Axiome : tout jeu au concept original qui rencontre le succès a vocation à donner naissance à un nouveau (sous-)genre vidéoludique. De plagiats en variations subtiles sur l’alliance du jeu de rôle et du casse-tête type Bejeweled à base de formes à réunir par trois (ou plus) sur une grille, c’est ce qui est arrivé à Puzzle Quest, coup de maître de 2007 des Australiens d’Infinity Interactive si largement imité que l’on peut désormais trouver sur le Net des classements des 30 (ou 50, tant qu’à faire) meilleurs puzzle RPG Android ou iOS. Autant dire qu’Hero Emblems, du micro-studio (deux membres) taïwanais, ne sort pas d’emblée du lot malgré le charme gentiment manga de ses petits héros soigneusement animés.
Tout ça n’a pas vraiment de personnalité, se dit-on d’abord alors que s’approche un monstre aux faux airs de slime de Dragon Quest. Mais, quand même, la carte du monde est jolie. Et les menus sont à la fois clairs et intrigants – tiens, il y a même pas mal de possibilités de gestion des compétences. Et puis, même si, dans ses grandes lignes, le récit ne s’annonce pas renversant avec sa princesse qui se fait enlever, de petites touches d’humour retiennent régulièrement l’attention – plutôt marrante, et touchante, tiens, cette prêtresse qui ne comprend rien. Toutes ces petites touches, au fond, sont ce qui distingue Hero Emblems de la masse des puzzle RPG mécaniques et sans âme. D’autant qu’elles sont révélatrices d’un grand dessein.
Pas question, en effet, de se contenter ici d’associer des symboles dans la partie inférieure de l’écran en ignorant ce qui se passe en haut. Pour s’en sortir – en particulier face aux premiers boss, assez cruels –, il faudra tenir compte des points faibles des créatures rencontrées entre grottes et forêts, de l’état de nos jauges de défense et de santé mais aussi, parfois, anticiper l’affrontement suivant pour choisir quelles icônes garder en réserve sur la grille. Chacune correspond à un type d’action : attaque physique, magie, défense ou soin. Ça n’a l’air de rien mais, comme dans tout bon Bejeweled-like, tout sera affaire de combos et de réactions en chaîne qui augmenteront la puissance de nos coups, débloqueront des pouvoirs supplémentaires, etc. Vaut-il mieux associer trois symboles d’attaque ou attendre d’en avoir quatre, voire – soyons fous – cinq ? Viser la victoire rapide ou se préserver en vue d’une lutte qui dure ?

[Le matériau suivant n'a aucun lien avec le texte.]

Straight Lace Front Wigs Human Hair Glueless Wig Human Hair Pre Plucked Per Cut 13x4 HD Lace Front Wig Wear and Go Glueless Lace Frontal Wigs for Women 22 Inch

Les questions que se pose le joueur ne sont pas abstraites, confinées à la grille garnie d’icônes colorées. Car ce qui occupe ses pensées alors qu’il s’échine à les assembler intelligemment, c’est bien ce qui se passe dans la partie supérieure de l’écran, sur la scène du petit théâtre lumineux où évolue son quatuor d’aventuriers juvéniles à grosses têtes. La véritable réussite de Hero Emblems est là : le jeu de rôle ne se résume pas à un prétexte pour enchaîner les parties de puzzle game tant les deux se révèlent intimement liés. L’assemblage de symboles, au fond, est ici un système de combat. Un vrai, riche, stimulant et entêtant, qui en vaut bien d’autres. Et nous réconcilie accessoirement avec le grinding – inévitable – que l’on en vient presque à trouver rafraichissant. C’est dire.